Sentinel-1 satellite data unlocks possibilities to map deforestation at a high spatiotemporal resolution
In the next 24 hours, deforestation will release as much CO2 into the atmosphere as 8 million people flying from London to New York; a report from the Oxford-based Global Canopy Programme, a league of 29 scientific institutions across 19 nations, explains. As of now, around half of the tropical rainforests have been lost to deforestation, and at the present rate, it is estimated that there would not be any rainforests left in 100 years’ time! Knowing when and where deforestation occurs can help reduce these catastrophic emissions by preventing the loss of the earth’s essential forest systems and enable a quick response to illegal deforestation.
Figure 1: (a) Google Earth RGB image acquired in August 2019 showing a patch of deforested land in the East Kalimantan area, Indonesia, and in (b) a Sentinel-1 grayscale image is shown for the same area in VH polarization. The deforested land can easily be characterized by very low VH backscatter values (in dark black).
Existing methods for deforestation monitoring
For a long time, scientists and researchers have used MODIS and Landsat satellite data to track deforestation on large scales. These satellite systems provide consistent global data with coarse to moderate resolution. For instance, consider a single MODIS 250 m pixel, which corresponds to an area of 6.25 hectares. While MODIS sensors provide a rapid assessment of forest change on a daily timescale, high-resolution measurements are needed to estimate the total deforested area and map illegal logging at a small scale. Landsat-8 with a 30m resolution can compensate for the spatial resolution requirements to some extent. But, the low temporal resolution (30 days) and consistent cloud cover in the tropics make it inevitable to rely on image composites that may not provide an accurate estimate of when deforestation happened. The Copernicus program's Sentinel-1 satellite has revolutionized deforestation monitoring as it provides regular updates on the condition of ever-changing forests at a range of temporal and spatial resolutions.
What are we offering?
To combat deforestation and forest degradation in tropical rainforests, Space4Good, in collaboration with Indonesia-based Arsari Enviro Industri, is developing a Re-Forest-ER platform for agroforestry. The development of palm oil plantations, illegal logging for export, increased demand for coal, and local shifting cultivations in this area has been major drivers of tropical deforestation and therefore Space4Good aims to deliver a reliable and near-real-time monitoring platform that can detect deforestation events at a high spatial resolution (Figure 1b). In the context of mixed tropical agroforestry ecosystems, the approach we are developing is both novel and innovative.
Using the time-series data from the ESA Sentinel-1 radar satellite in combination with the local expertise (knowledge and feedback loop from local experts) and Artificial Intelligence, we are able to accurately map the deforested areas and alert the local authorities. But how does it work? and what is new about the Re-Forest-ER platform?
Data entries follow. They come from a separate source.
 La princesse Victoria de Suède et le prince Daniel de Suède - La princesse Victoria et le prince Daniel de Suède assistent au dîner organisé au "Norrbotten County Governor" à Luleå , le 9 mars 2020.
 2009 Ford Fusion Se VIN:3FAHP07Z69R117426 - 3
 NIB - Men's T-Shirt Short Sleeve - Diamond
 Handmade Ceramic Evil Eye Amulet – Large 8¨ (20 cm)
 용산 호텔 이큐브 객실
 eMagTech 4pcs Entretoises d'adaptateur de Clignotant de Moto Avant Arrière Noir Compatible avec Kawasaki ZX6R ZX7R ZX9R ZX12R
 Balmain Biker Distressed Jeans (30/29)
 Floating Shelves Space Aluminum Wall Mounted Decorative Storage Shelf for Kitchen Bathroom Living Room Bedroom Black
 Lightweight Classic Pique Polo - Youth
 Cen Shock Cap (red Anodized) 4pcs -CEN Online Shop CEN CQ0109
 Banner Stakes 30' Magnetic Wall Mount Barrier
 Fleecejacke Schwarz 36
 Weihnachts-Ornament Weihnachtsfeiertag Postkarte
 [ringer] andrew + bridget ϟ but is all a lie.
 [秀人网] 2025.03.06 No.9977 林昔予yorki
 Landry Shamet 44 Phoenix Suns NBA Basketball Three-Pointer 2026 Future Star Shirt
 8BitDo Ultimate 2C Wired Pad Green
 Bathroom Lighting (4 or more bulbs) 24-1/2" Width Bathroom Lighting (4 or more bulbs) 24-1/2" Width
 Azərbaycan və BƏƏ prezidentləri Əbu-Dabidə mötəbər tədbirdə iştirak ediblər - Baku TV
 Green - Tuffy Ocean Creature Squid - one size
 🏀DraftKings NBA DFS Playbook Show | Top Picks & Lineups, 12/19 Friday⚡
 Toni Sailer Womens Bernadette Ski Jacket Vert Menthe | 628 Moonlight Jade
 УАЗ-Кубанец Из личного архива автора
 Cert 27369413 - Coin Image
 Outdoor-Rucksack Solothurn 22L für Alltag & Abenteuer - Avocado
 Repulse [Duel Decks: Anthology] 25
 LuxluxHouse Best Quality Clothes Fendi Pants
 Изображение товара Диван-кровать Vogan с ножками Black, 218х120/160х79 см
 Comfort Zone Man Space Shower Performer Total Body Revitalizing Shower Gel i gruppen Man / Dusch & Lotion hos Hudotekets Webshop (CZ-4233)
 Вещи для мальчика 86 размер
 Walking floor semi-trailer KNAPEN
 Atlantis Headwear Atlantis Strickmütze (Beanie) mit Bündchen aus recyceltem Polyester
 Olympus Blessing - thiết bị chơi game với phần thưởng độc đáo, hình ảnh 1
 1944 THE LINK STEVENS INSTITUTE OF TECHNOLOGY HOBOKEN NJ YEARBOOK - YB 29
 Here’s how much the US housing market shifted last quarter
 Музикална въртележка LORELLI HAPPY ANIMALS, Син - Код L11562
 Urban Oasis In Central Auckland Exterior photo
The improved timeliness, scale, and resolution of the information derived from Sentinel-1 data have made it possible for the local stakeholders to monitor thousands of hectares remotely. There’s even more to it. The conventional cloud and haze cover problems associated with the tropical areas are completely eliminated with the inclusion of Sentinel-1 radar data that can see through the clouds and surpass these challenges and record and characterize the magnitude of change (Figure 2b). Through the approach, it is possible to assess both the extent as well as the time of the deforestation event.
Figure 2: (a) An animation of the Sentinel-1 VH images before and after a deforestation event is detected. The red and green areas denote deforested and non-deforested areas in the images. (b) Time series VH signal of a specific point in Indonesia. The deforestation event was detected on 4th Sept 2019.
Limitations and Next steps
Various challenges emerge throughout developments. In this case, the slope correction in the algorithm is of utmost relevance since the topography in this area is extremely diverse. In addition, the changes due to seasonality (wet/dry) also need to be accounted for in the algorithm for accurate results. With the methodology laid out, the next steps are to further develop and validate the algorithm, interpret the seasonal changes in the time series data, apply slope correction, and better automate deforestation alerts for the future Sentinel-1 images. The results will then enable alerts to be sent to the end-user (via email or WhatsApp) automatically when detected. The transferability of the algorithm to other areas needs further investigation.